Compulsive hoarding (or pathological collecting) is a pattern of behavior that is characterized by the excessive acquisition and inability or unwillingness to discard large quantities of objects that would seemingly qualify as useless or without value.
When it comes to data, it would appear that we are all hoarders.
We often read tabloid articles reporting on the likes of Mrs. Smith, who at the tender age of 75 hadn’t thrown anything away for the past 20 years. The “useful items” that she’d been storing (which she insists will be put to good use at a later date), now entirely fills her home, meaning every day tasks take umpteen times longer and important items are always almost impossible to find. Ultimately the local council or similar public body gets involved and tries to return some measure of normality by clearing and disposing of the worthless clutter.
I often wonder, that if we could physically see data, in similar terms to the newspapers and empty tins that Mrs. Smith stores, whether there would be a difference in how people store and actively make use of their hoarded data. Whether people would realize that storing and systematically protecting a file, created in 2008, that would likely never be read or reviewed again, is a wise thing to do.

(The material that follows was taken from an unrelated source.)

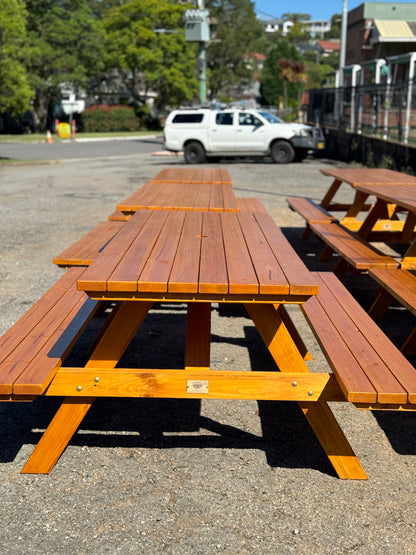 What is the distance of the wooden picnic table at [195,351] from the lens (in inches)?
127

Speaking to various organizations, one consistent pain point is evident – the
backup and recovery of this accumulated data. Whether it be an ever reducing backup window, or the shear scale of the amount of content that requires protection, one thing is clear; we can’t continue down this well trodden path. We won’t likely wake up tomorrow and decide to thin or weed out content from our file shares, we won’t decide to delete all emails older than 2009. We’re all hoarders.
There have been various advances in backup technologies that are aimed at reducing backup & recovery pain points - centralizing the storage and backup infrastructure, faster and larger capacity tape devices and tape emulating disk solutions (virtualized tape libraries or disk to disk to tape solutions). Backup and recovery software vendors also try to attack this problem in various ways. Incremental forever solutions that can potentially solve the problem of a reducing backup window (it only backs up content that has changed) but can hugely complicate the recovery process. The traditional master and media server solutions may resolve the issue of backing up huge amounts of content, though they can prove difficult to manage and costly in terms of licensing and support. Ultimately we’re not addressing the root cause of the problem, which is the explosion in accumulated data. We don’t delete data, so the content will always require storage and protection. We’re constantly playing catch up, deploying ever increasing (and costly) backup and recovery solutions to solve a problem that will likely never go away.
Looking further up the stack – moving away from backup and recovery, to the storage layer, there are technologies that can help. Snapshot and cloning solutions provide the ability to quickly and easily create copies of data at points in time, allowing users to recover their own data. On the flip side, snapshots are often stored on the same physical spindles as the live data, ultimately meaning a 3rd copy (ideally on tape) should be sought. Data De-duplication and compression technologies that help to thin out the data being stored, meaning backup windows can be shrunk, though these efforts are usual undone when the data is backed up. More interestingly a relatively old methodology is once again being used, a technology offering intelligent data tiering capabilities that help to apply a value to data being stored, thus enabling the Administrator to determine whether content actually requires such vigorous protection methods.
Did you know that in a “typical organization” roughly 75% of the files that are stored on “Tier 1” storage repositories (e.g. costly Fiber Channel or Serial Attached SCSI drives) hasn’t actually been read, reviewed or used in 6 months? Of that 75% of data, a massive 65% hasn’t even been accessed in over a year. Why then, is this content treated the same as business critical data. Content, which is never read and provides little or no value to the business. In fact, storing the old content and religiously backing it up actually equates to increasing operating expenditure. Conversely, data, which is new or is consistently accessed, has a high value to the business – content which is mission critical and if lost, would result in reduced revenue or cost many man hours to recover or recreate. And yet today, most corporates feverously backup all the data as one, with no regard for the true value of the data.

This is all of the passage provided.